Lisandro pareció tener, igualmente, una buena relación con Agis, con el que compartía un deseo de reemplazar el Imperio ateniense por la hegemonía espartana, si bien muchos espartanos no pensaban así. Los dos hombres también colaboraron activamente en diseñar la estrategia espartana hacia el final de la guerra. Hay buenas motivos para apoyar la opinión común que coloca a Lisandro y Agis como asociados políticos, una vez que el primero hubo conseguido un cierto prestigio. Es fácil suponer que el joven Lisandro se benefició de esta asociación, ya que cultivó cuidadosamente sus relaciones personales con espartanos influyentes, mientras perseguía sus ambiciones políticas. «Por naturaleza, parece haber sido muy atento con los hombres poderosos, más allá de lo que era habitual en un espartiata, y también muy condescendiente con los excesos de autoridad en nombre del beneficio» (Plutarco, Lisandro, II, 1-3). Sin duda, destacó entre los espartanos por su espíritu competitivo y por su ambición.

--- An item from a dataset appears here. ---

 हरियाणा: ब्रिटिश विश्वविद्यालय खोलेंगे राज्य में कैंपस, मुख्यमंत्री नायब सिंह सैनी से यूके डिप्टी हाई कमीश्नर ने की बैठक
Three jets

Lisandro quería gloria, pero también lo empujaba su ambición de poder. Una tradición suficientemente creíble lo retrata en años posteriores intentando alterar la Constitución espartana para que se le permitiera convertirse en rey. Sin duda poseía tales ambiciones cuando se hizo cargo de su mando naval en el 407. La fuerza de sus aspiraciones personales requería que él demostrara sus cualidades únicas y que se hiciera indispensable para los espartanos, pero si sus intereses particulares llegaban a chocar con los del Estado, este último saldría perdiendo.

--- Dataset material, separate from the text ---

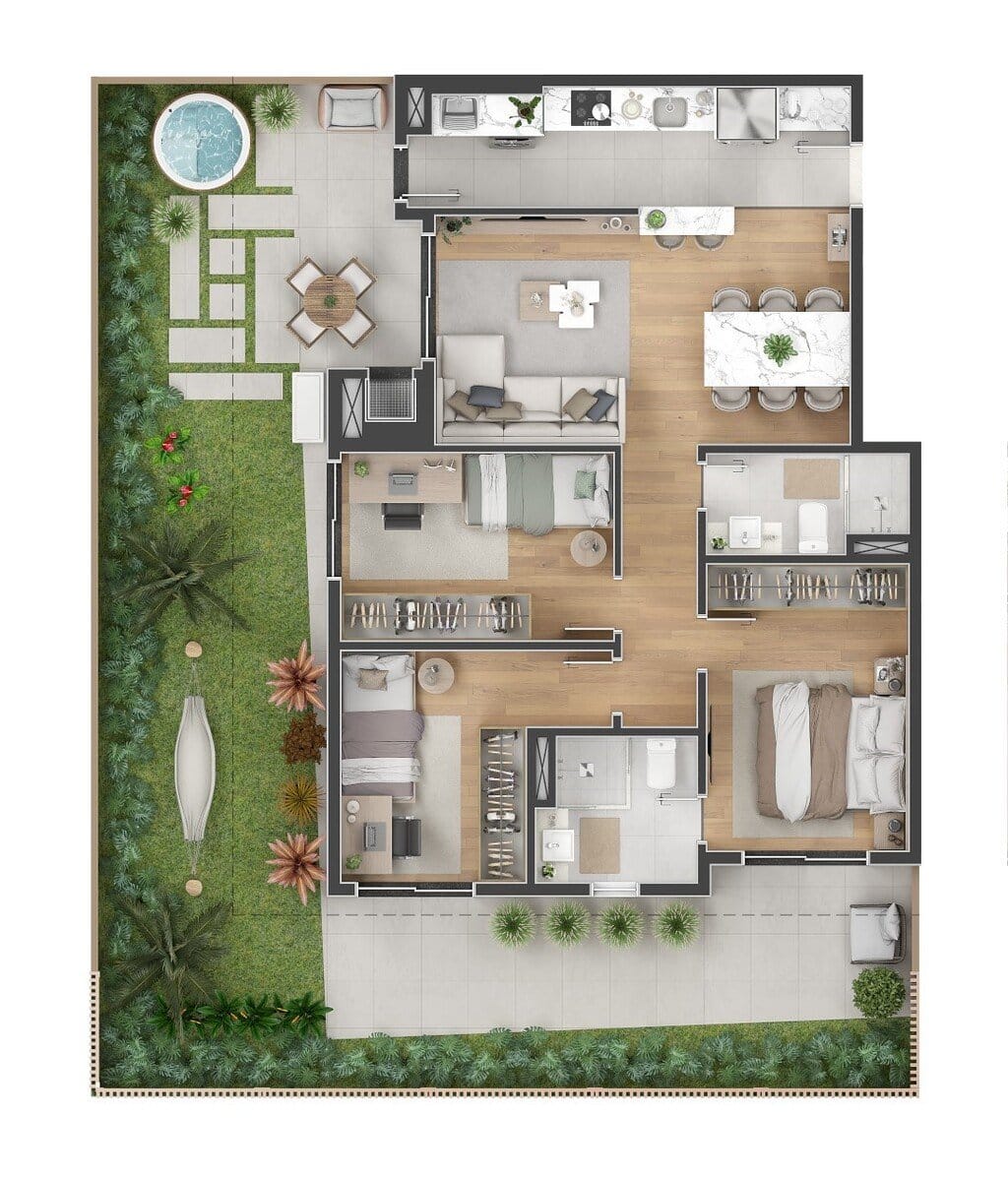 Apartamento à venda com 2 quartos, 90m² - Foto 38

En la primavera del 407, Lisandro partió a través del Egeo en dirección a Jonia, acumulando barcos mientras él navegaba, de tal modo que cuando alcanzó el Asia Menor poseía una flota de setenta trirremes. Estableció su base no en Mileto, como los espartanos habían hecho anteriormente, sino más hacia el norte, en la ciudad de Éfeso. Las limitaciones de Mileto eran evidentes: su posición al sur de Samos significaba que cualquier flota espartana que se dirigiera a los estrechos podía ser interceptada por los atenienses. Éfeso, al norte de Samos, no tenía ese problema y, sin embargo, contaba con otras ventajas. Por ejemplo, estaba mucho más cerca de Sardes, la capital de aquella provincia persa. La ciudad había incorporado muchas características de Persia, y era agradable para los oficiales persas, a los que les gustaba ir allí, por lo que era el lugar idóneo para que Lisandro pudiera poner en práctica sus habilidades personales para influir en su aliado y financiador. Lisandro también encontró a la aristocracia de la ciudad «tanto amistosa hacia él, como celosa de la causa espartana» (Plutarco, Lisandro, III, 2).

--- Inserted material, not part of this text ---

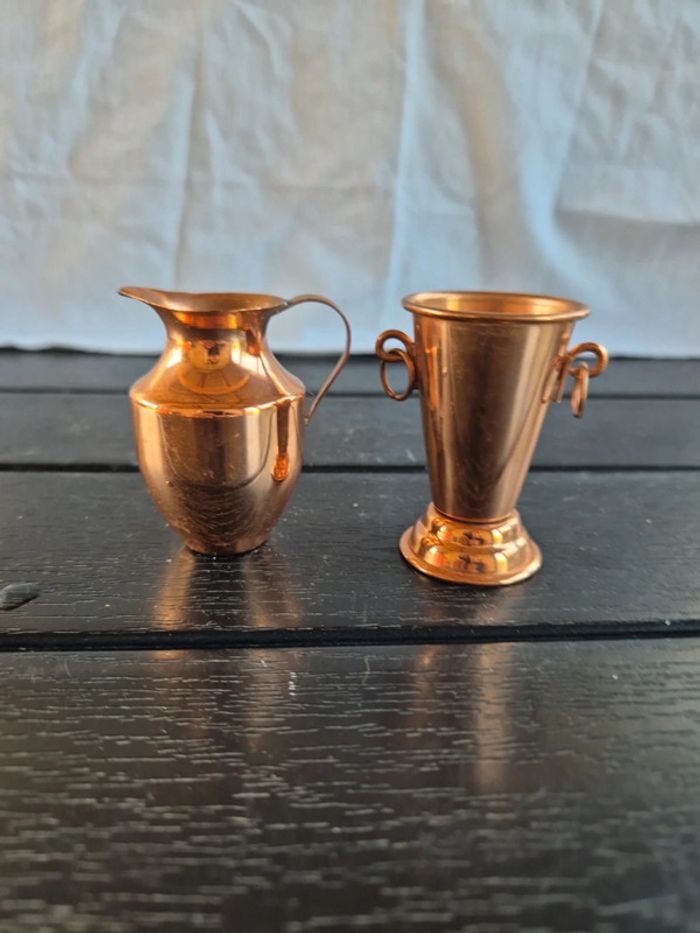 lot de 2 miniatures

A diferencia de sus predecesores, Lisandro entendió la necesidad de un puerto de un tamaño, condición, población y localización capaz de acoger a una gran flota y un ejército. Ya que Éfeso reunía todas estas condiciones, de inmediato se puso a la tarea de convertirla en un centro comercial y en un astillero importante. Sin embargo, conseguirlo requeriría de algún tiempo, y Lisandro se aprovechó de la ventaja de una conveniente demora de los atenienses para mejorar las técnicas peloponesias y su pericia en la guerra con trirremes. Pasaba el tiempo sin buscar batalla mientras se ocupaba de preparar su flota, construir su base y entrenar a sus tripulaciones. Todo lo que él necesitaba era el dinero para pagarlas, y la llegada de Ciro durante el verano resolvió ese problema.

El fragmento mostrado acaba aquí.